Berita

Mardiyana-Sumaryoto/Net

Politik

Indonesia Bisa Bubar Jika Tidak Bebas Dari Belenggu Korupsi

SABTU, 20 JANUARI 2018 | 17:25 WIB | LAPORAN: RUSLAN TAMBAK

. Sejarah mencatat korupsi telah menghancurkan banyak negara dan lembaga.

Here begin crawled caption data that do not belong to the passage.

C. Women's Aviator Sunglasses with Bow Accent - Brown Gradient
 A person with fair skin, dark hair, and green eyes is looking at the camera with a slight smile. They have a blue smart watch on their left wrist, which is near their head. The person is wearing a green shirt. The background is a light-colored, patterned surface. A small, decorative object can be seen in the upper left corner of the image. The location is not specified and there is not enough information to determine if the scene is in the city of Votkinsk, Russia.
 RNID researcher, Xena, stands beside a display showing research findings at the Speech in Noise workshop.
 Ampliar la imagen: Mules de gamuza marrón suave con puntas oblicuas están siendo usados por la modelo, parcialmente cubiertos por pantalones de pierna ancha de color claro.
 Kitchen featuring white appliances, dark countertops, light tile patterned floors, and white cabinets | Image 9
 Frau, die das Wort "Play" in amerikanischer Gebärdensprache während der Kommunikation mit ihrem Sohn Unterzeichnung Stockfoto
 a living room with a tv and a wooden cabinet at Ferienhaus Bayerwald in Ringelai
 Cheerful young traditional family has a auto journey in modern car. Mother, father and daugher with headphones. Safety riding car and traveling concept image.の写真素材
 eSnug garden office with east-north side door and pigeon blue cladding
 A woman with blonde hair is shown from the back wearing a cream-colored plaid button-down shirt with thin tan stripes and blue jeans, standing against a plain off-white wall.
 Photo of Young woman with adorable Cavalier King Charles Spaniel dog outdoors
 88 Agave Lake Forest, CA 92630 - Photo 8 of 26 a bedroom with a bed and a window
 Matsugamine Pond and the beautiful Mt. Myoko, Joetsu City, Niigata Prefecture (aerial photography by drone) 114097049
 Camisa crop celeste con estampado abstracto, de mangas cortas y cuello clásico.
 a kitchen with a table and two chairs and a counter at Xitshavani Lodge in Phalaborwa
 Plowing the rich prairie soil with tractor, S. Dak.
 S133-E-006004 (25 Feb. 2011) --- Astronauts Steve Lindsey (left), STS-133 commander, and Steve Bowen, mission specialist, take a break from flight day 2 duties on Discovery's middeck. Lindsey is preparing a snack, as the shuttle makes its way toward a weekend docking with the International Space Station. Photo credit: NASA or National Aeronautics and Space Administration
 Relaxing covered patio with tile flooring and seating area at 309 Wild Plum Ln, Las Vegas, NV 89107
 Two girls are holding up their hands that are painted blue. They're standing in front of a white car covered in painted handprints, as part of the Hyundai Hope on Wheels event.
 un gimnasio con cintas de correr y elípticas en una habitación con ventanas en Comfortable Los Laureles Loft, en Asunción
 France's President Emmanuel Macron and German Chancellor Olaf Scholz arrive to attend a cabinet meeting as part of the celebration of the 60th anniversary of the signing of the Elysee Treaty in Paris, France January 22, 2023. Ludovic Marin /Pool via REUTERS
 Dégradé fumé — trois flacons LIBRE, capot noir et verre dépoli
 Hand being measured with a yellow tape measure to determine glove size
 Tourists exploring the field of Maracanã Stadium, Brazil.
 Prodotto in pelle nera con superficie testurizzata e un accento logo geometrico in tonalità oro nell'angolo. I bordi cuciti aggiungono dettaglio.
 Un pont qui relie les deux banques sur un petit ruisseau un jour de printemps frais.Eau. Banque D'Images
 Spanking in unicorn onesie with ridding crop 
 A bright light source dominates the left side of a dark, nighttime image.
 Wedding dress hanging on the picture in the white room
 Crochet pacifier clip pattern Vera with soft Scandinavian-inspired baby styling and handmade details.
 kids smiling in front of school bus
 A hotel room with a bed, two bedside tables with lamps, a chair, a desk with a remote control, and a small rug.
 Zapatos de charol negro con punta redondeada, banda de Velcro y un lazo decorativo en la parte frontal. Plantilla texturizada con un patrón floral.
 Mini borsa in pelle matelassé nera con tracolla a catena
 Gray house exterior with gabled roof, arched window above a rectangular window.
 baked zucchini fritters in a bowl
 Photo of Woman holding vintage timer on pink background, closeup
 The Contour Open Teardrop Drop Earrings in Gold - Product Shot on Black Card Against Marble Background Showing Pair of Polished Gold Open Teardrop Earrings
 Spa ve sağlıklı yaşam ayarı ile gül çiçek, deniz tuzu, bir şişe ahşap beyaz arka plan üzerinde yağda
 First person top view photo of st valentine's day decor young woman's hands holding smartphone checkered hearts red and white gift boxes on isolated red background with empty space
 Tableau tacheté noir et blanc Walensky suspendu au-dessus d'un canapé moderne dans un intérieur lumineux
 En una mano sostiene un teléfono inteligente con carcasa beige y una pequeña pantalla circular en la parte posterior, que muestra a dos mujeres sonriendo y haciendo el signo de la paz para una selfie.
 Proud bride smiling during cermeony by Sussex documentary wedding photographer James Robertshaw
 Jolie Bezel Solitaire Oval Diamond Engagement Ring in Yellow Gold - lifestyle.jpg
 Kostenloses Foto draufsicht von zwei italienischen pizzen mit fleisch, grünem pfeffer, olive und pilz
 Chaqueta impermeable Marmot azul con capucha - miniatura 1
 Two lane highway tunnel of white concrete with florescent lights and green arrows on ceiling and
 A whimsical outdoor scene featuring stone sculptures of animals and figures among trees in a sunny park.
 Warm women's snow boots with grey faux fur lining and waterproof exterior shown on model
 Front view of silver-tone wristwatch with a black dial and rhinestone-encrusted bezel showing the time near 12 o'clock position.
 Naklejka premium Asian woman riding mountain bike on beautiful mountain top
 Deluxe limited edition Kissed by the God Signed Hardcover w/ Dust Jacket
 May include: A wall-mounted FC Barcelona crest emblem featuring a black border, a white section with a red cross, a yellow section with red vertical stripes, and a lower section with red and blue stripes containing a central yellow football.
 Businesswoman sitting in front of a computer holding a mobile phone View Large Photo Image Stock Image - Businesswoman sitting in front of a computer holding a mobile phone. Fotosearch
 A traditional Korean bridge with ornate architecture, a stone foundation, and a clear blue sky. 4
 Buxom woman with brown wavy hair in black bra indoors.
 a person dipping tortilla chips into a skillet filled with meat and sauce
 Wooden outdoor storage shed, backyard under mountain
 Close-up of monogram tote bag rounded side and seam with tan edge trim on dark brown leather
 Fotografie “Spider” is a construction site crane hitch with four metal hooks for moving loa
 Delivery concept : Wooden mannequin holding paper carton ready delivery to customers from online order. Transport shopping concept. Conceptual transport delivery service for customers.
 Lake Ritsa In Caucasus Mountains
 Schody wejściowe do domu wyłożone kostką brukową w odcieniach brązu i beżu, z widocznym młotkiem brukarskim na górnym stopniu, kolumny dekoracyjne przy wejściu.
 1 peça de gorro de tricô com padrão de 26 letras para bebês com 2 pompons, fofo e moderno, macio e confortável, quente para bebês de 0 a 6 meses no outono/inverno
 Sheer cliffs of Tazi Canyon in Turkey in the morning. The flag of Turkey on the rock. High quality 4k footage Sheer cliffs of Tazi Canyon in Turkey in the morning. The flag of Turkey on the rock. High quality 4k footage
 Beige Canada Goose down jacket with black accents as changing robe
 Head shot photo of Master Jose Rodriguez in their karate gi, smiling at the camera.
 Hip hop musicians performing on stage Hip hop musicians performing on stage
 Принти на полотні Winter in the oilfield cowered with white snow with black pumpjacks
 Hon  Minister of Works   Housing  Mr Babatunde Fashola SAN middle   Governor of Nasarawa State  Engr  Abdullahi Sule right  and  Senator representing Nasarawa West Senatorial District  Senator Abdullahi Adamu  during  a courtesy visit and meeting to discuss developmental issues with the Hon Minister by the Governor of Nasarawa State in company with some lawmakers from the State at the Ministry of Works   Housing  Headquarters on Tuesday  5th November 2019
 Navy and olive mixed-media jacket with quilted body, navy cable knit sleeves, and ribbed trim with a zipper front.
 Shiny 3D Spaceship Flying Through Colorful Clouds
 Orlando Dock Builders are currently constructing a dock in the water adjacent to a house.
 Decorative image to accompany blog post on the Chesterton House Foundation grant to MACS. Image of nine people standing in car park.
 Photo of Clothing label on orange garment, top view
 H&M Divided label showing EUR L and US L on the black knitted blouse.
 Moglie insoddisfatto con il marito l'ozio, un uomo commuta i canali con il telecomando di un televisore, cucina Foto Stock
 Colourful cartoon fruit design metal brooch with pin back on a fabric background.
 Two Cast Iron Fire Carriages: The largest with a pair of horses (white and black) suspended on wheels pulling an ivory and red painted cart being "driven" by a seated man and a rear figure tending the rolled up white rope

Mesir kuno hancur karena korupsi, Vereenigde Oostindische Compagnie (VOC) yang berdiri pada 1602 gulung tikar pada 1799 karena korupsi, bahkan Kekaisaran Romawi yang perkasa pun binasa karena korupsi.

"Kini, korupsi pun mengancam eksistensi NKRI (Negara Kesatuan Republik Indonesia)," kata politikus Sumaryoto Padmodiningrat ketika menyampaikan kuliah umum di hadapan ratusan mahasiswa dan civitas akademika Sekolah Tinggi Ilmu Ekonomi (STIE) Pelita Bangsa di Cikarang, Bekasi, Jawa Barat, Sabtu (20/1).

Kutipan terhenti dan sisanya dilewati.